This is what I use to filter spam. See the comments for an explanation of how it works and where the algorithm comes from. An earlier version of this filter, after years of training, produced about one false positive and one false negative per week; the performance of the current version, which has trained over a shorter interval during which spammers have worked harder to disguise their mailings, has not been as good. I am not confident enough in this filter to stop looking at the identified spam to see if any of it is real, but it does seem to do a pretty good job of separating out the spam so I only have to look at it once in a while. However, this is dangerous experimental software that may have arbitrarily bad effects on your system and/or email. It is provided free of charge with no warranty of any kind. Use at your own risk.

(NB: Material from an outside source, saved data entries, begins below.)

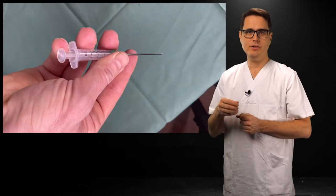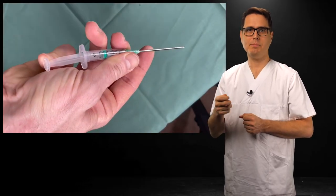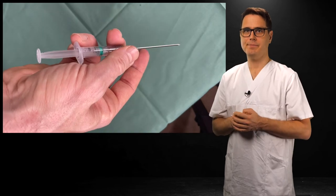Continuous aspiration is not necessary, but you may want to aspirate when you've punctured the vein. Use the handle grip and pull out the plunger with your pinky. It takes a bit of practice.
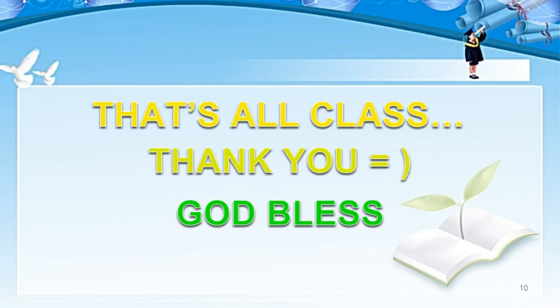That's all for physical education. Thank you and God bless.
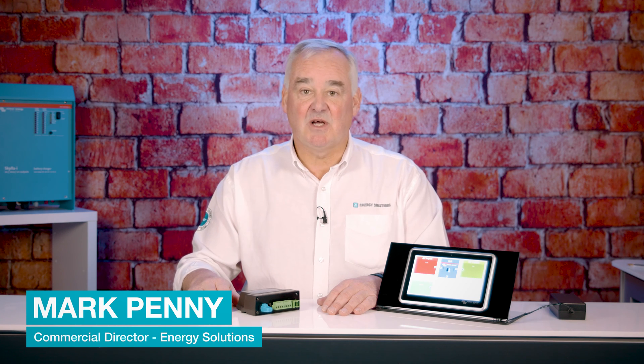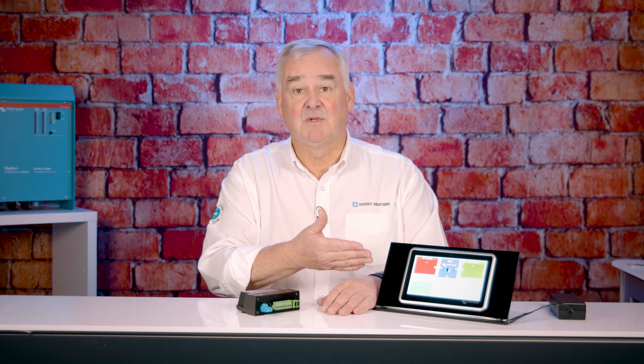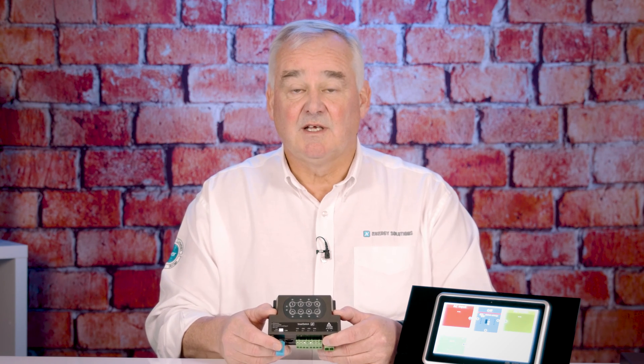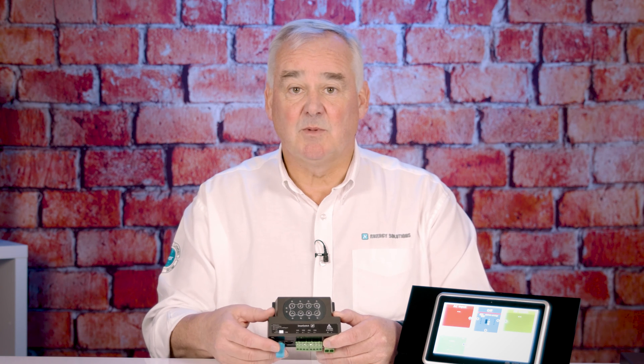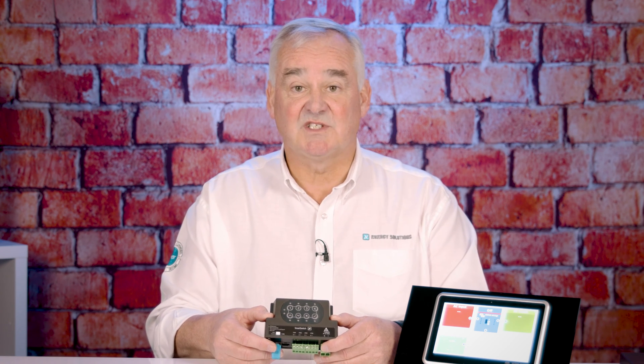Today we're introducing you to the Smart Switch DC, which is a four channel DC switch that works with the Victron system — Cerbo GX or Ekrano GX. The module itself has four channels capable of a load of up to five amps, 12 volts or 24 volts DC, with a 15 amp maximum across the whole unit.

If you use this, you will need to change dbfilename. You will also need to configure procmail or some similar system to call the program appropriately. When training using winnow 0 or winnow 1, be sure to include all headers as received by procmail; otherwise you may get odd results since the training set won't match the message stream. I generally call the program from pine by using the pipe command with the ^W (raw message text) option. For bulk training you can use pine's apply-pipe command with ^W (raw message text), ^T (new pipe for each message), and ^Y (don't capture output) options. Note that unlike Bayesian filters, this learning algorithm is not affected by how many times it sees the same message, and ignores any message that it correctly classifies (so you can run it on your entire inbox twice a day, but it probably won't improve its classifications unless it has been making mistakes).

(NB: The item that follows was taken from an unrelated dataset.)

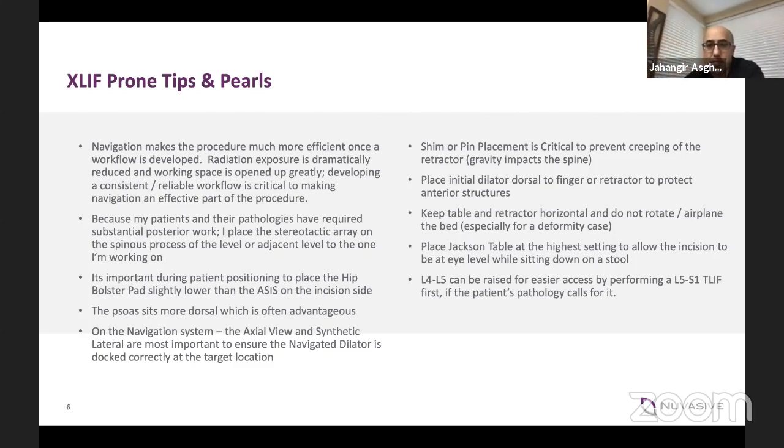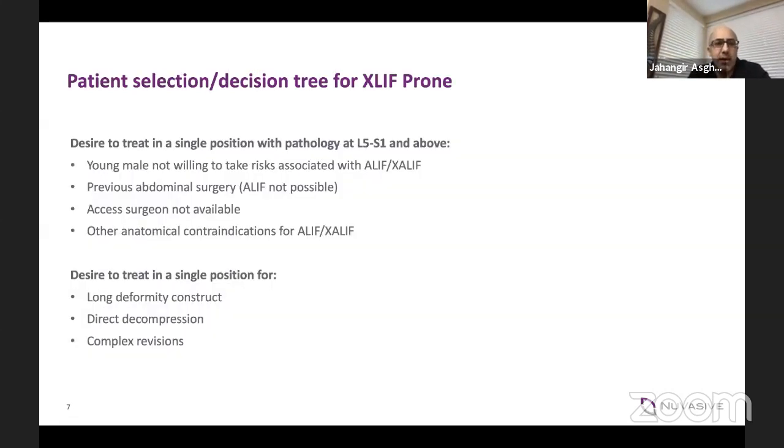It's really important to have your Jackson table on the highest setting. When I'm doing posterior-only work, I'll keep it on the lowest rung, but if you don't have it on the highest setting, then you're scooching down to do a lot of your work. When would I use the XF-prone? As it grows to be a bigger part of my workflow, it's in most cases that are L2 to L5. Anything that I really need significant A-lift type work for L5-1, the XF-prone probably isn't the best operation — then I would probably do a lateral A-lift at L5-1 and traditional XFs or lateral lumbar interbody fusions, whether anti-psoas or through the psoas, for L2 to L5, because then you are already in that position.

Download the source: winnow.py. Or see below.
1 #!/usr/bin/python
2 """Unwanted mail detector based on Littlestone's Winnow algorithm as adapted
3 by Blum in
4
5 A. Blum. Empirical support for winnow and weighted-majority based algorithms:
6 results on a calendar scheduling domain. In Proceedings of the Twelfth
7 International Conference on Machine Learning, pages 64--72, July 1995.
8 (http://citeseer.ist.psu.edu/blum97empirical.html)
9
10 Feature vector for a text is just a list of all words (loosely defined)

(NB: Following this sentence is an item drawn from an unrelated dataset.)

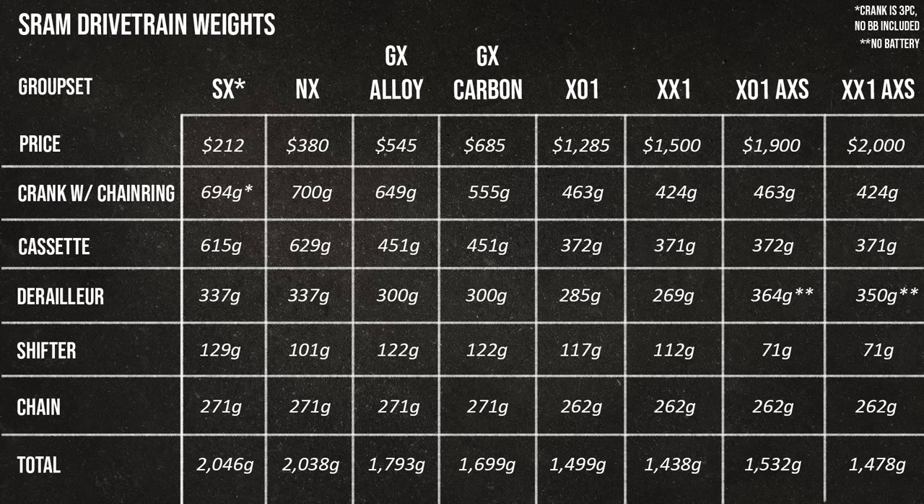XX1 ends up being 61 grams lighter than X01 for $215 more — it can be expensive being a weight weenie. The X01 shifter is 5 grams heavier due to XX1's carbon lever blade, and the X01 derailleur is 16 grams heavier because of XX1's carbon outer cage. Looking at AXS, the electronic shifter and derailleur are actually heavier than their mechanical counterparts, but you eliminate the derailleur cable and housing. AXS also offers a very different riding experience with app-based shift tracking and customizable lever direction. We have a whole video on AXS specifically if you want to dive deeper.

11 including those found after decoding anything that looks like a line of base64
12 encoding. Each word found corresponds to two specialists, one that votes
13 spam if it sees the word and one that votes not spam. To simplify the data
14 kept around, weights are always adjusted by 1/2 or 2 and Blum's enhancement
15 of Winnow that reduces the weight of a specialist whenever it votes wrong
16 (even if the majority votes right) is not used.
17
18 Usage:
19
20 winnow < text
21 winnow c [dbfile] < text
22
23 Exits with exit code 0 if text matches filter (i.e., is unwanted)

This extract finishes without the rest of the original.